Prime Minister Hun Sen said in a speech to graduating students that the opposition Cambodia National Rescue Party should speak politely and make a positive gesture if they want to ease tensions.
“To be clear about that, don’t threaten to stage a demonstration for the reason of seeking to resume negotiations. That is no way,” Hun Sen said. “I would be a dog if I were to negotiate (with you).”
He said the opposition should be speaking out in parliament, whose sessions it has stopped attending in protest at the ruling Cambodian People’s Party majority voting to lift the parliamentary immunity of its leaders, a move the opposition considers illegal.
The opposition complains of being harassed by politically influenced courts, after legal cases have forced party leader Sam Rainsy to stay in exile to avoid jail and his deputy Kem Sokha to take refuge behind supporters at party headquarters, where state security forces have gathered in armed shows of strength.
Critics of the government have seen its actions as an attempt to disrupt the opposition’s organizing efforts ahead of local elections next June.
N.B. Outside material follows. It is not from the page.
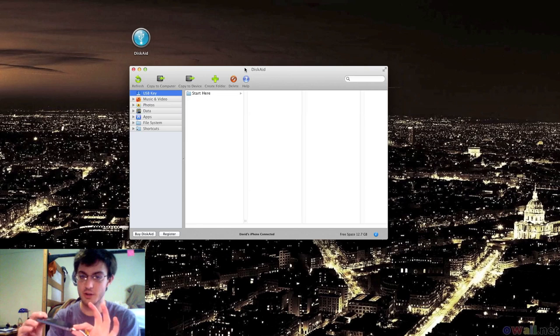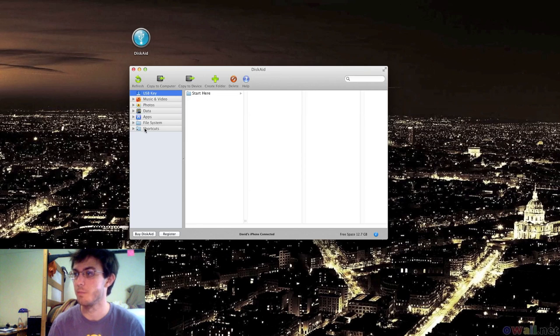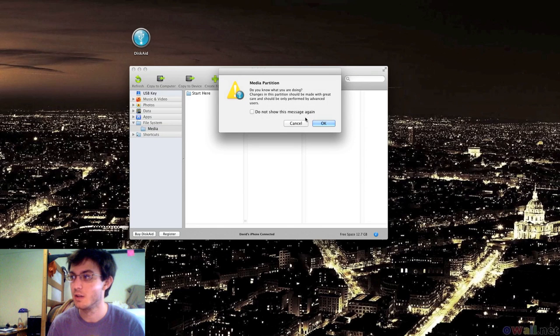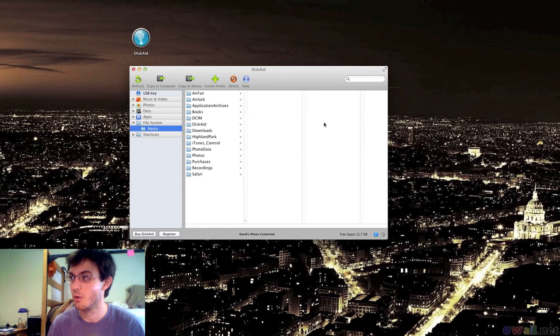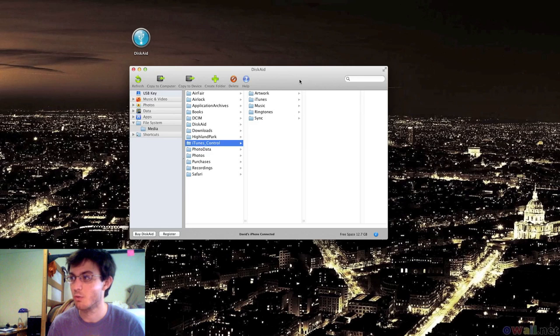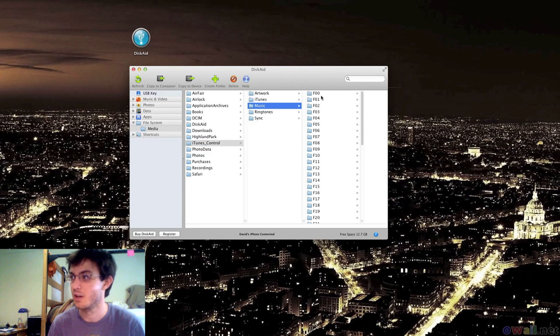First, you've got to plug in your device. So it is plugged in right now. Then you want to go to File Systems, Media, click OK. Go to iTunes Control right there. Click on iTunes. No, click on Music, sorry.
The next general election is not until mid-2018, but holding power at the local level is an advantage when national polls are held. Hun Sen has led Cambodia for three decades.
In response to the government actions, Kem Sokha said last week that the party is considering calling for nationwide protests. The opposition has strong support in the capital, and street demonstrations have traditionally been an effective form of push-back, but recent efforts to take to the streets have generally fizzled.
Hun Sen said that if talks were resumed with the opposition, the topics would exclude the legal cases of opposition members. He and his government insist these are criminal matters and not political issues.
A statement issued earlier this month by the U.N. High Commissioner for Human Rights expressed concern “about the escalating atmosphere of intimidation of opposition politicians, their supporters, civil society, and peaceful demonstrators in Cambodia.” A joint statement issued by several foreign embassies expressed similar concern.
Activists and non-governmental organizations, which are generally critical of the government, have faced similar legal pressures. The murder in July of a prominent social critic, Kem Ley, allegedly by a man to whom he owed money, is widely regarded with suspicion.
On Monday, four prominent land activists were convicted and sentenced to six months each in prison for a protest they held five years ago.
The four women — Tep Vanny, Heng Mom, Bou Chhovy and Kong Chantha — are well known for protesting the eviction of residents from Phnom Penh’s Boeung Kak lake community, which was to be turned into a luxury commercial development. They were convicted of insulting and obstructing civil servants.
The Boeung Kak protesters are among the most tireless of the government’s critics.